Today I went to church. Then I went to see Tim Burton’s Alice in Wonderland. Then I went to a friend’s house, talked and read for a few hours, ate supper, and went to Evensong. Only as I was driving home did I realize what the glaring problem with this movie was – besides the clichéd and typically Hollywood believe-in-yourself/make-your-own-destiny messages spouted by characters throughout, in addition to all the now-tiresome elements which characterize much of Burton’s work (Johnny Depp and Helena Bonham Carter with pale makeup, Danny Elfman score, exaggerated costumes, over-simplistic good guys/bad guys dichotomy, etc.).

This problem was very similar to one plaguing the Harry Potter books towards the end of the series, something I can best describe as an attempt first to take characters and elements originally created for a whimsical story, perhaps even something like a faerie-tale, and then to fit them into what is clearly intended to be a grand, mythic narrative. (This phenomenon is also observable in the recent film adaptations of the The Lion, the Witch, and the Wardrobe and Prince Caspian.)  And the problem, of course, is that this simply does not work.

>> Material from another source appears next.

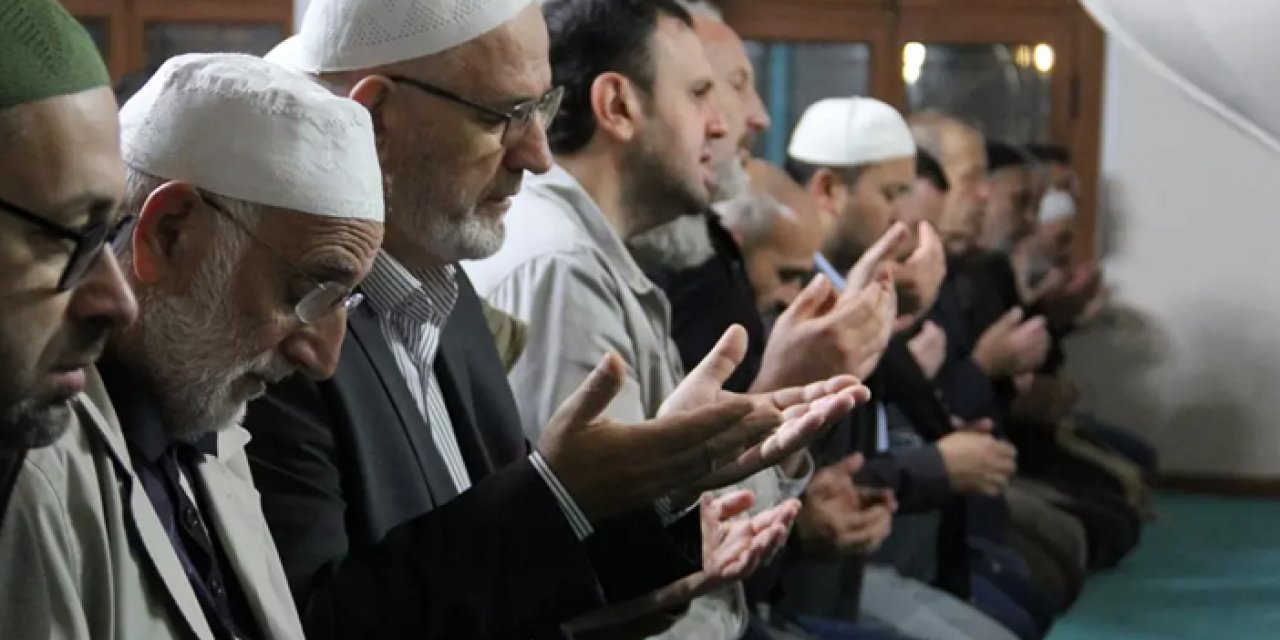 Mehmetçik ve Filistin adına dua edildi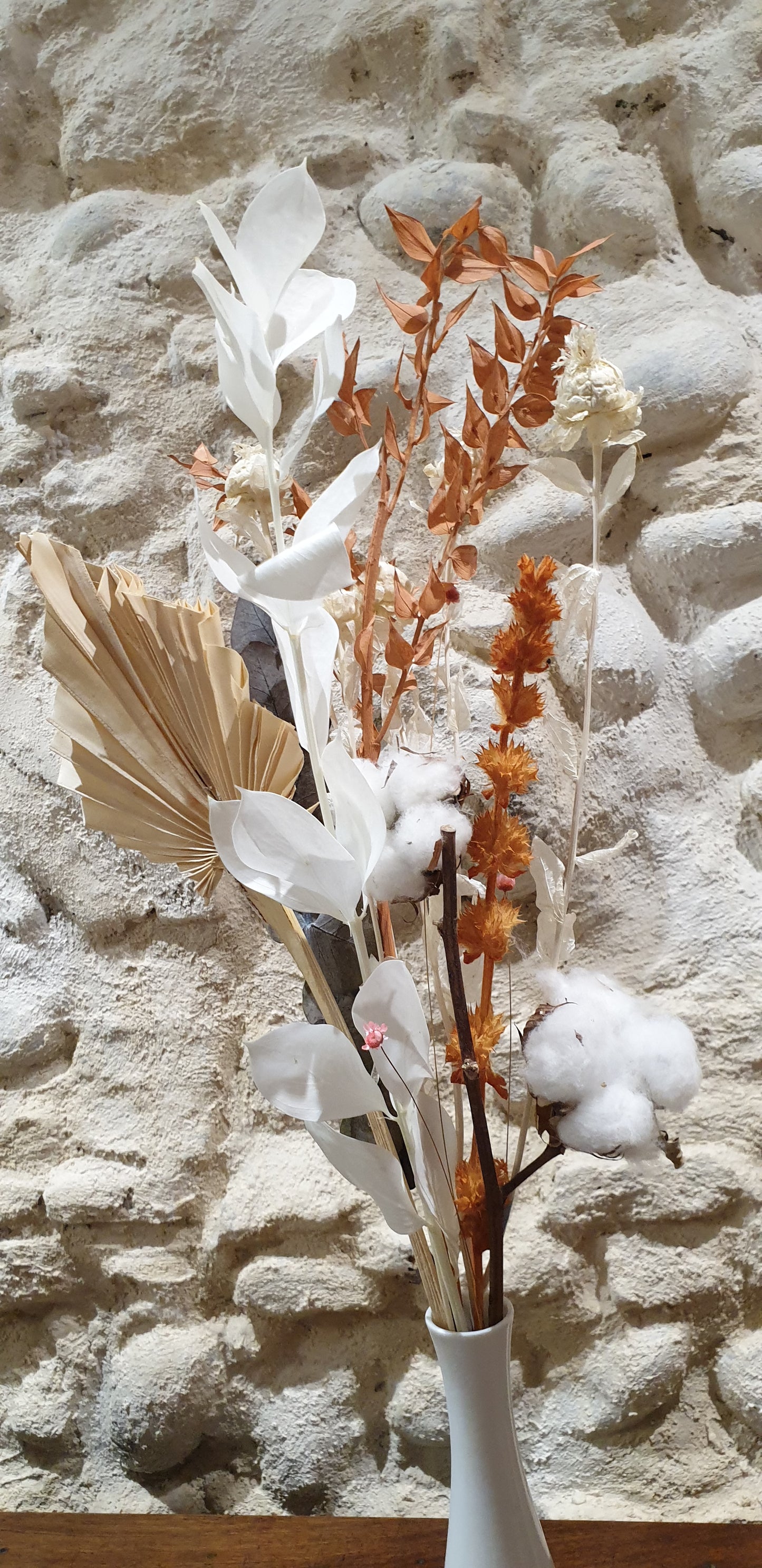 Bouquet de fleurs séchées en vase blanc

Taking plot elements and characters intended for one genre and trying to make them work in another is, in general, a bad idea (unless the goal is surrealism).

I think this device almost works in the Harry Potter books, which I attribute to the facts that the crossover is being attempted by the author who created the characters in the first place, and also because mythic structure into which they are being forced is a true myth, in terms of narrative (not simply a big battle featuring characters who speak pompously about destiny and address all their superiors as “my lord”).

Burton’s Alice in Wonderland and the Narnia movies, however, are not really myths underneath their belligerent exteriors. They’re examples of formula writing: people fight, the protagonists have to decide whether to do the right thing or the wrong thing, people around them tell them to do the right thing, the protagonists angst, the protagonists decide to do the right thing (or what the screenwriter thinks is the right thing). There are none of the complexities or underlying moral, philosophical, and theological ideas that make the great works of mythic literature truly great; works such as The Iliad, The Odyssey, Beowulf, Paradise Lost, even The Divine Comedy… and, of course, The Bible – and more recent works such as The Lord of the Rings and Watership Down.

I don’t want to get into a detailed discussion of what sets true myths apart from the wannabe postmodern schlock of today (I’ll save that for a later post). I don’t really even want to try to explain what characterizes a “myth” specifically (though I have provided a few criteria). It should be clear to anyone, however, that there is a world of difference between a whimsical, absurdist story like Alice in Wonderland and an epic, mythic story like The Lord of the Rings. And it should also be fairly clear that trying to combine the content of one with the outward appearance of the other and expecting a cohesive whole to emerge, is wishful thinking at best.